McCain überrascht niemanden und will US-Militäraktion in Nigeria

Da er noch nicht genug getan hat, um sich selbst zu parodieren, befürwortet John McCain die US-Militäraktion gegen Boko Haram:

Die Vereinigten Staaten sollten Spezialeinheiten entsenden, um die Hunderte von Mädchen zu retten, die von Boko Haram entführt wurden.ob die nigerianische Regierung die Erlaubnis gibt oder nicht mutige Mine-DL nach Senator John McCain.

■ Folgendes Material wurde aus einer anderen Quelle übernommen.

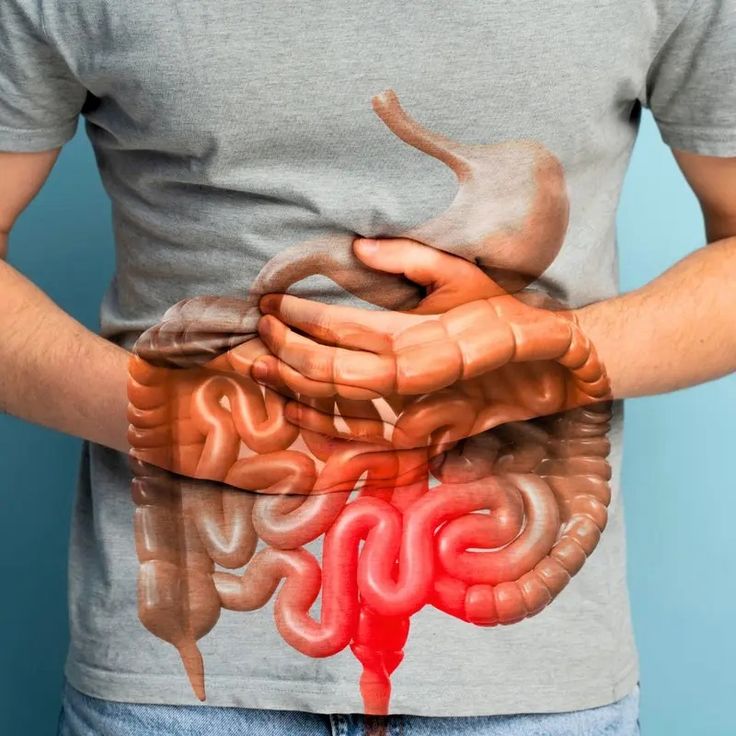 RUVALL™ - GUT SUPPORT CAPSULE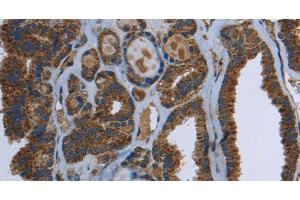 Immunohistochemistry of paraffin-embedded Human thyroid cancer using GCK Polyclonal Antibody at dilution of 1:40 (GCK anticorps)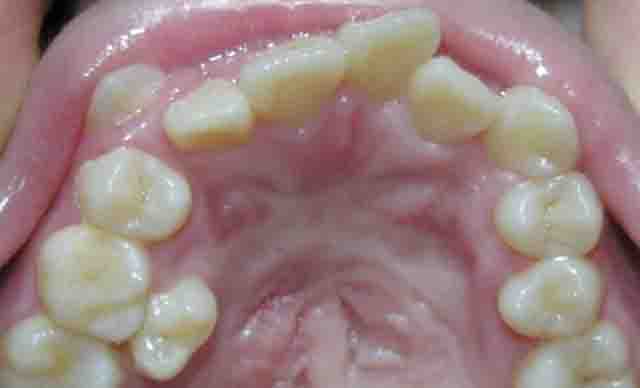 Răng mọc sai vị trí - Nguyên nhân răng mọc sai vị trí?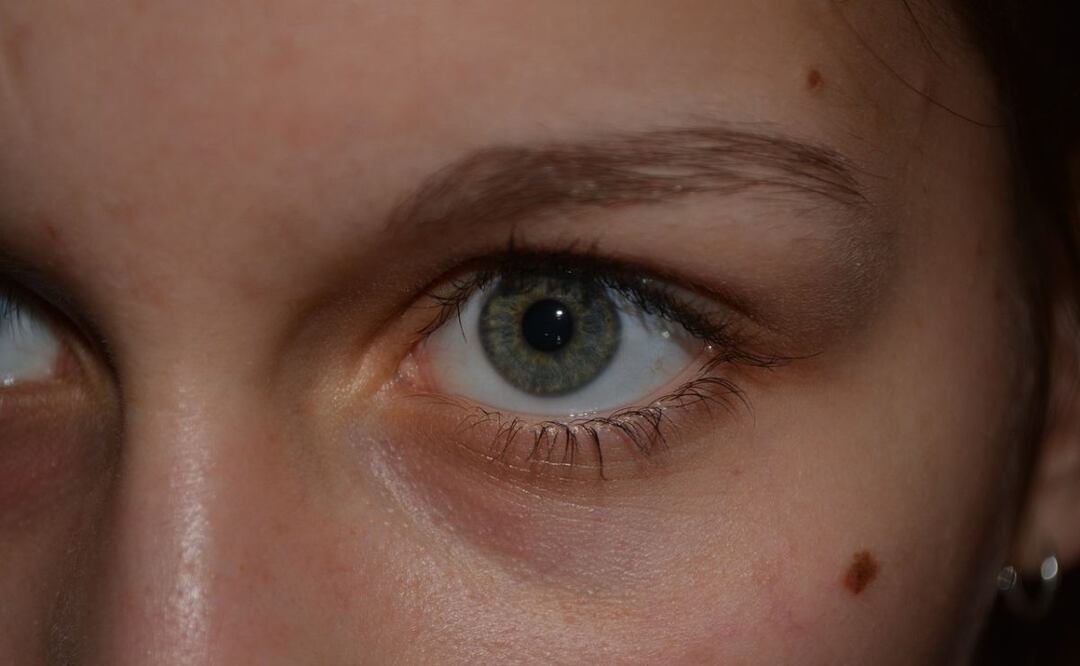 Lunares. Fuente: Pixabay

Dies wäre eine fragwürdige Sache, selbst wenn die nigerianische Regierung eine direkte Beteiligung der USA an einem Rettungsversuch forderte, aber die Bereitschaft, US-Streitkräfte ohne Erlaubnis einer zumeist kooperativen Regierung in ein anderes Land zu entsenden, ist selbst nach McCains niedrigen Maßstäben unangemessen rücksichtslos. Es ist sehr selbstverständlich anzunehmen, dass die Mission bei minimalem Verlust an Leben für die Gefangenen und die US-Streitkräfte erfolgreich sein wird. Offensichtlich würde durch einen verpfuschten oder fehlgeschlagenen Überfall nichts gewonnen werden, insbesondere wenn dabei viele der in Gefangenschaft gehaltenen Unschuldigen ums Leben kamen. Sogar ein erfolgreicher Überfall wäre mit erheblichen Risiken verbunden, und diese Risiken wären noch größer, wenn dies ohne die Zusammenarbeit der nigerianischen Regierung geschehen würde. Für McCain wird es eine Neuigkeit sein, aber die meisten Regierungen auf der ganzen Welt würden es nicht begrüßen, wenn eine fremde Macht ohne ihre Erlaubnis auf ihrem eigenen Boden auftauchen würde. Unabhängig davon, ob die Mission erfolgreich war oder nicht, hätte die Entsendung von US-Streitkräften, zu denen sie nicht eingeladen sind, das Potenzial, erheblichen Unmut zu erregen.

Darüber hinaus könnte ein Rettungsversuch neue Angriffe auslösen, die zu mehr zivilen Todesfällen führen, und US-amerikanische Unternehmen und Bürger in Zukunft einem höheren Risiko für Repressalien aussetzen. Sogar eine erfolgreiche Rettung könnte die Fähigkeit der Regierung erschweren, eine Einigung zu verhandeln, und könnte den Konflikt pervers verlängern. Die USA können Nigeria in dieser Angelegenheit bis zu einem gewissen Punkt unterstützen. Die Lösung dieses Problems liegt jedoch in erster Linie in der Verantwortung der Regierung und sollte von den USA nicht selbst übernommen werden. Das US-Militär existiert nicht, um die Aufstände anderer Länder zu unterstützen oder zu polizeilichen, und wir sollten dementsprechend sehr vorsichtig sein, wenn es darum geht, einen Teil davon auf diese Weise zu verwenden.